They are all the same along this vector. The divisions are an illusion. The roughest find the most tentative to be lacking and the nice folks find the rough ones to be “going too far,” but I assure them all here and now, it is all the same system, the same forces at play, and they are all wrong for the same reason, for choosing the bad over the good, degrees not entering into it.
It’s the point Stone and Parker missed in the South Park where they said America wanted to have it both ways, to always be at war and also always be the good guys begging against it, I mean it wasn’t all bad but it did sound like Americans on both sides of the war debate were getting everything they needed and everyone was basically having a good time, had that Western cynicism to it like all that mattered to anyone was whether they were able to manipulate themselves into a moral feeling, like nobody really wants an actual better world.

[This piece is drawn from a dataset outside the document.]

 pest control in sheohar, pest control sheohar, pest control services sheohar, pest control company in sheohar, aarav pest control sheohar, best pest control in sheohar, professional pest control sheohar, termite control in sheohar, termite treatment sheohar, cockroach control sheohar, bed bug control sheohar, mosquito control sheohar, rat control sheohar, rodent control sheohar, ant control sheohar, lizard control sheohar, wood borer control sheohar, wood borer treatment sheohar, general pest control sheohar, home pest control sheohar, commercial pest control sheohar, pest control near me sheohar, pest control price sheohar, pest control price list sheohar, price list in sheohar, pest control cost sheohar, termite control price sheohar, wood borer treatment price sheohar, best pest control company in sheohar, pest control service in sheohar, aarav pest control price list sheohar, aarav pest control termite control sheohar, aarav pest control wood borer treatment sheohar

I have to give it up to the kids, South Park left itself open to the new generations’ accusations in this way; there is a better moral of the story available for that.
You know me, or if not you will now: all part of your gaslighting, as if we all had the power to make the world whatever we want – I mean of course, as if only of a few of us didn’t. The few in power apparently don’t really want a better world, they think theirs is pretty OK and if they ever have doubts they can just look out the window, but the point is most of us do, damnit. The bad guys know how to create their world, and the good folks “don’t understand” how it’s done and try to create our world with the same tools and plans on ourselves that they use on us, meaning abuse, moral abuse.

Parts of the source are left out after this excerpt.